The majority of interview advice for jobs nearly always focuses on what you say and how good you are at answering questions.
But! Don’t forget we are all human and hiring managers aren’t necessarily paying full attention to your verbal answers. They’re also interested in how you deliver them and your personality. Do you look them in the eye? Do you fidget, play with your pen or fold your arms across your chest? All of these non-verbal cues end up being a part of the overall impression you make.
Your eye contact, handshake and posture can all help or hinder your chances of landing a job. Most hirers will be judging you on your performance within the first 5 minutes of the interview, so it’s important you can kick-off with a good impression.
Here’s some tips to help you prepare:
· Bad posture. Leaning back can seem lazy. Leaning forward can seem aggressive. Aim for a neutral posture to find the right balance
· Eye contact. We tend to feel uncomfortable holding the gaze of someone we don’t know. Staring can be rude, but try to look your interviewer in the eye when you are talking to them to show confidence in your answers
· Crossed arms. Folding your arms is a classic defensive pose and is normally associated with being resistant. Keeping your body language open shows that you are approachable and willing to take on board new ideas
· Fidgeting. Being restless and twirling your pen around your fingers is never a reassuring sign for interviewers. It’s natural to be a bit nervous, but too much fidgeting can indicate that you aren’t a focused person
· Mismatched expressions. If someone asks you what you are passionate about, and you tell them without looking passionate, you aren’t going to be convincing anybody anytime soon
But what about nerves?
Anxiety can cause many body-language issues. But doing your homework before a meeting can help ward off those nerves. Solid preparation is most likely to be able to help you stop fidgeting or looking unsure of yourself.
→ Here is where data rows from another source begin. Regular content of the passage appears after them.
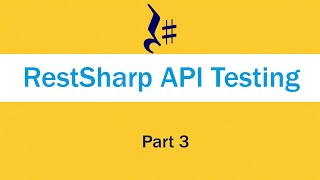 RestSharp REST API testing using C RestSharp and JsonNET  Part 3  Extent Report [upl. by Yesor]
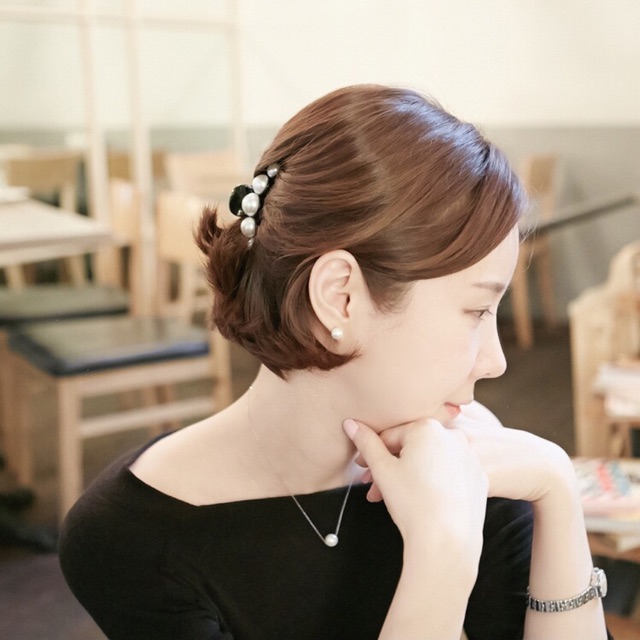 Kẹp tóc ngọc trai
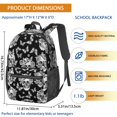 thumbnail image 3 of Skull and Butterfly Gothic Pattern 17" School Backpacks for Teens,Waterproof Oxford Fabric,S-Shape Padded Straps for School,Travel,Hiking,Camping, 3 of 6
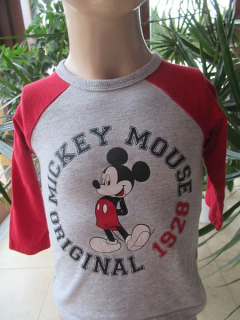 Mickey, chlapecké tričko s dlouhým rukávem vel. 80 - Disney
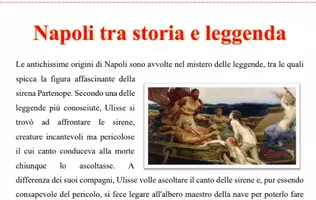 anteprima - Materiale di supporto/inclusione - Storia millenaria di Napoli - Pagina di copertina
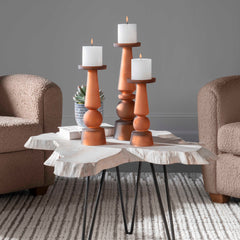 Cassiopeia Brown Butter Rum Glass Candleholders (Set of 3) - Ornate Home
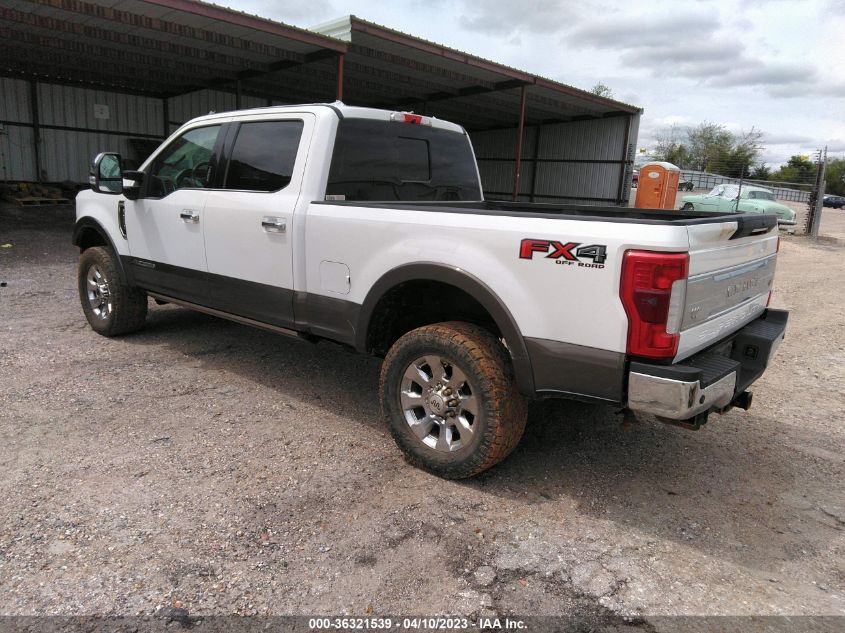 2017 FORD SUPER DUTY F-250 SRW LARIAT/PLATINUM - 1FT7W2BT6HEE91687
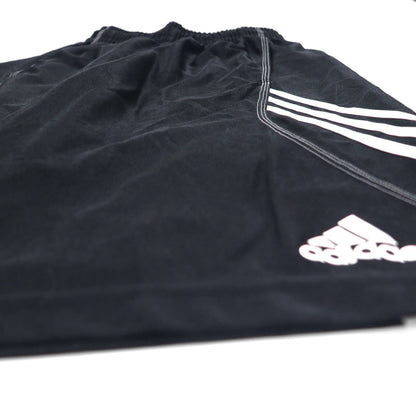 adidas 3ストライプ ショートパンツ ハーフパンツ M ブラック ポリエステル バスケットボール ゲームパンツ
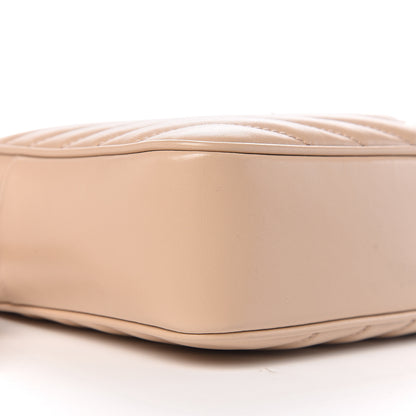 Saint Laurent Calfskin Matelasse Monogram Lou Camera Bag Nude Powder 6 of 8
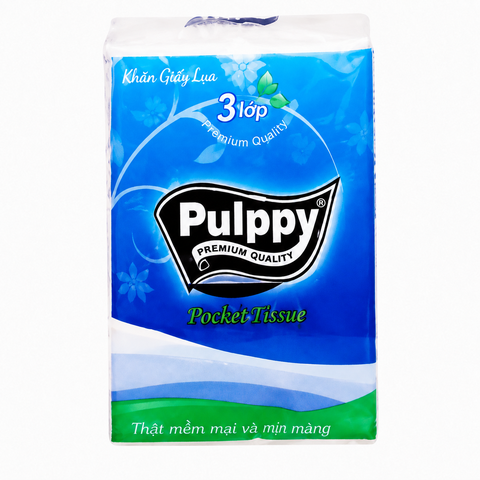 Khăn Giấy Bỏ Túi Pulppy Compact (Combo 6 Gói)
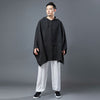 Men Zen Style Polyester Peach Skin Long Sleeve Hoodie T-shirt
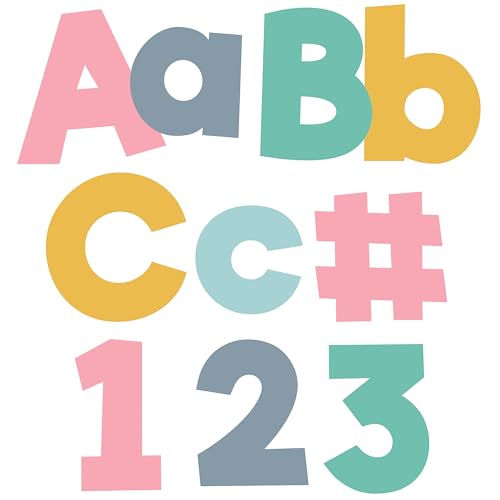 Carson Dellosa Boho Bulletin Board Letters 4", 219-pieces, Prepunched - color: Boho, size: 219 pieces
Practice your interview skills ahead of time with friends or family members. When you're finished, ask them for feedback on things like posture, your handshake and eye contact. If you record your practice sessions, you can identify any mistakes you're making unconsciously.
Also, having set answers mastered can be a huge help. Knowing your elevator pitch to respond to the “tell me about yourself” question can really help you relax. Similarly, having specific examples prepared to showcase your skills and experience will help you come across as confident.
Try and relax. Taking a few deep breaths prior to the interview can relieve some of the anxiety that leads to fidgeting and other nervous tics.